Segment Open

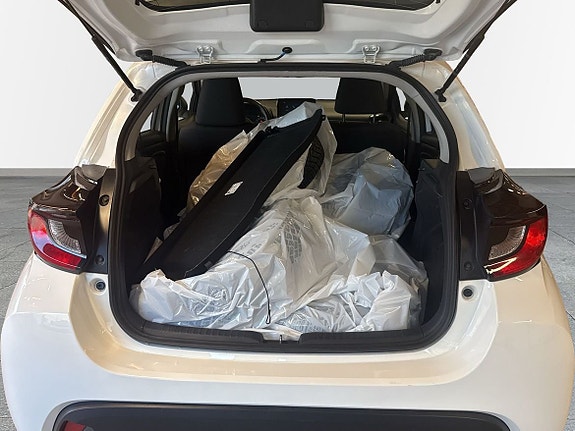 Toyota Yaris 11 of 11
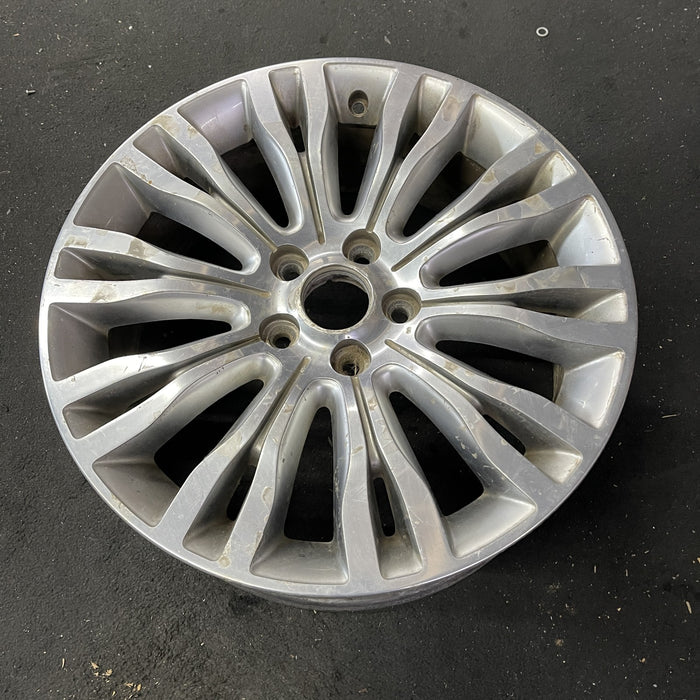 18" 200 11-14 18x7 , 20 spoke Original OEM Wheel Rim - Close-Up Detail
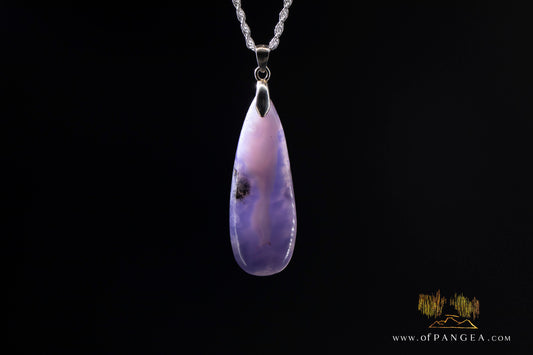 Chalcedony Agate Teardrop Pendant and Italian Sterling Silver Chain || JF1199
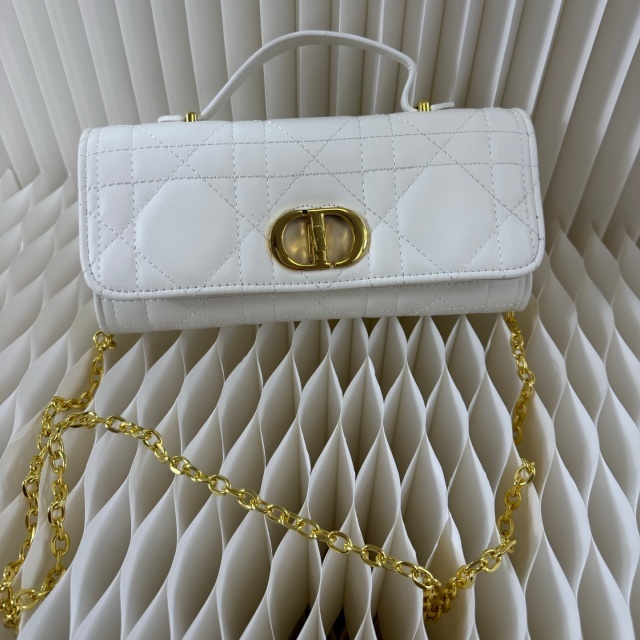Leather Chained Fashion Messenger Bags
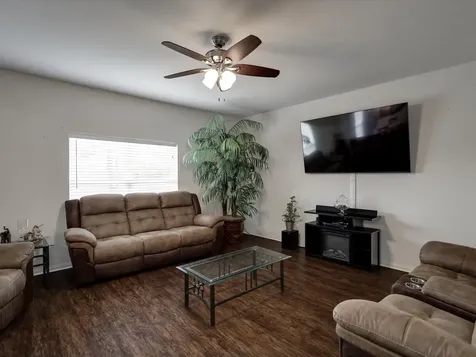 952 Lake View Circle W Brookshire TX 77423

Segment Closed

:: Exercise description ::
Write out each line of the data exactly; the images should be left out.

:: Written reply ::
 Toyota Yaris 11 of 11
 18" 200 11-14 18x7 , 20 spoke Original OEM Wheel Rim - Close-Up Detail
 Chalcedony Agate Teardrop Pendant and Italian Sterling Silver Chain || JF1199
Leather Chained Fashion Messenger Bags
 952 Lake View Circle W Brookshire TX 77423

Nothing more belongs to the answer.